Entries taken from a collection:
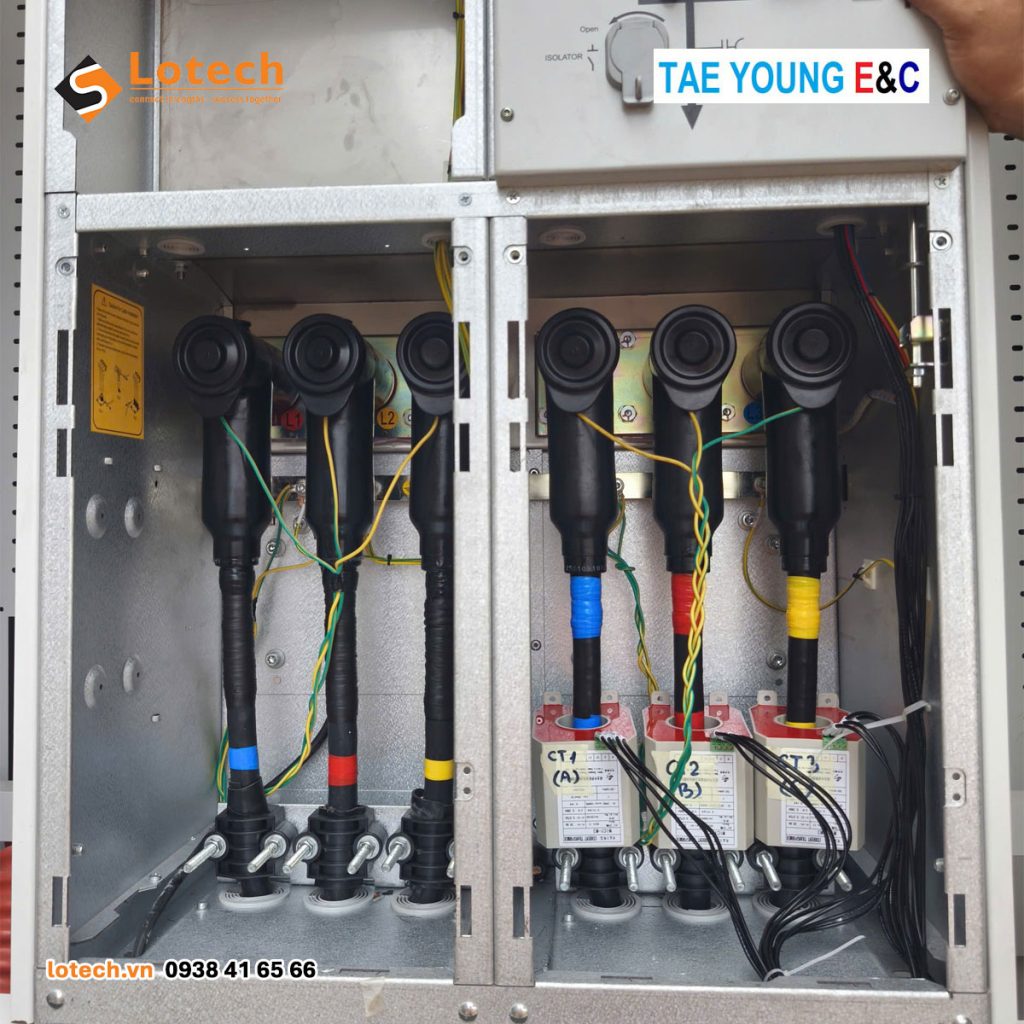 Lắp đặt đầu cáp vào tủ trung thế Tae Young
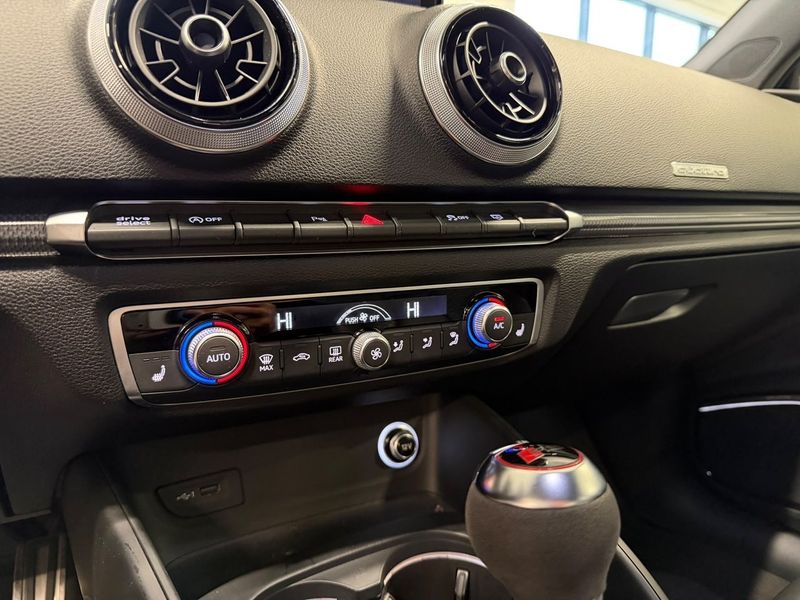 Audi RS3 bild 21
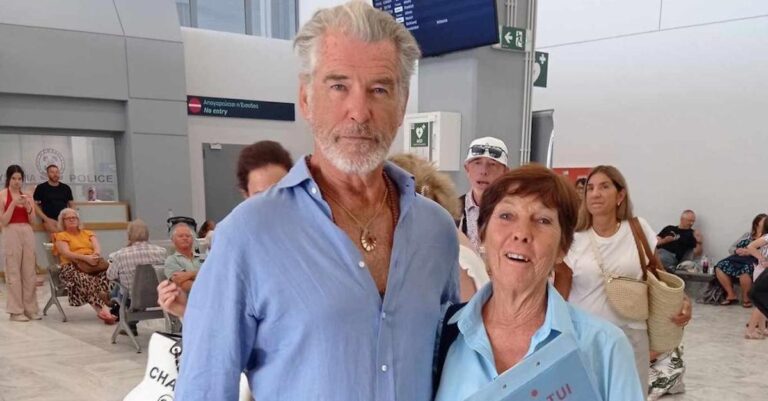 Τρελάθηκαν με το που τον είδαν: O Πιρς Μπρόσναν είναι στην Καβάλα και όλοι μιλάνε για αυτό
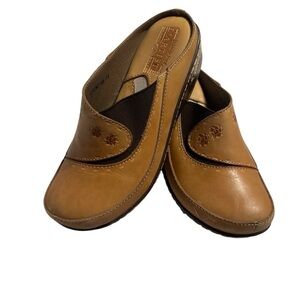 L'ARTISTE Chino Clogs Spring Step Tan Slip-On Mules Hand Painted Size 7.5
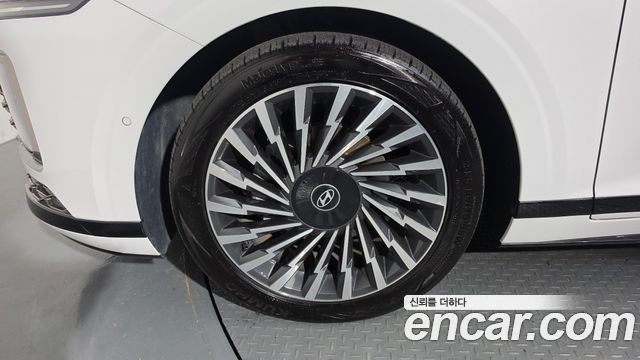 Hyundai Grandeur Hybrid (GN7) Calligraphy 2024 — фото 5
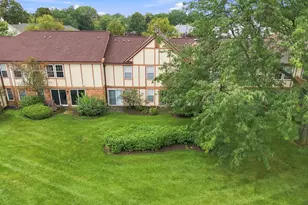 2018 Quaker Hollow Ln, Streamwood, IL 60107 - Photo 33
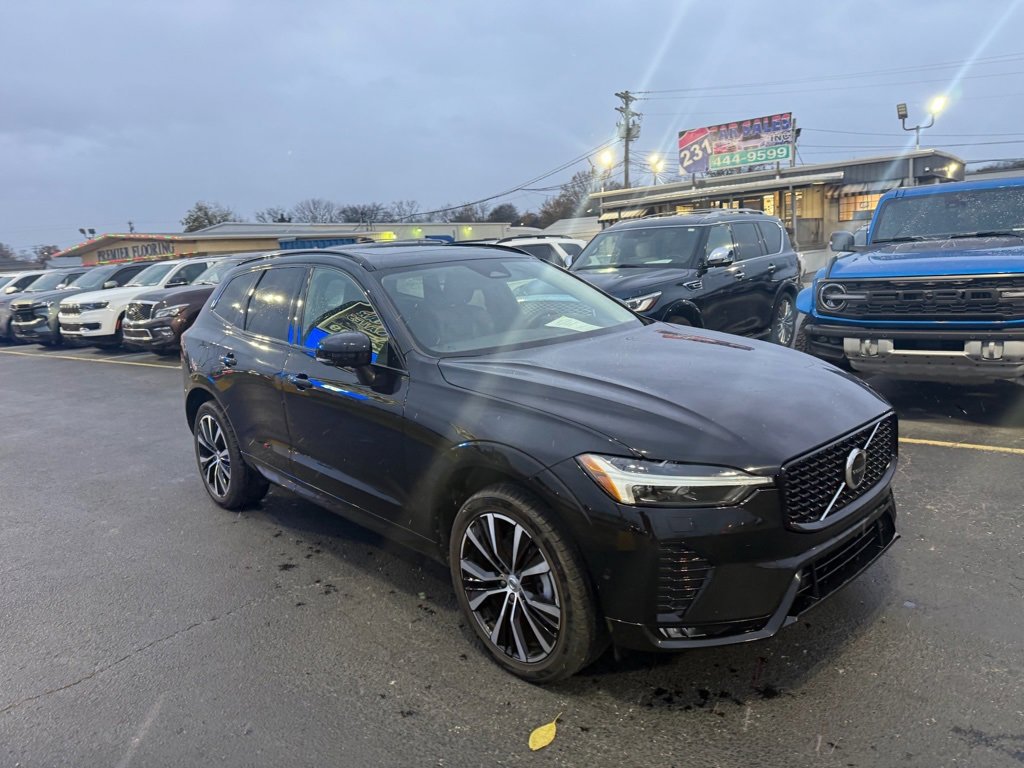 Used 2024 Volvo XC60 B5 Plus image 2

**Required action:** Print only the lines running from the one containing "2018 Quaker Hollow" to the end of the data above, exactly; include no pictures.

**Written reply:**
 2018 Quaker Hollow Ln, Streamwood, IL 60107 - Photo 33
 Used 2024 Volvo XC60 B5 Plus image 2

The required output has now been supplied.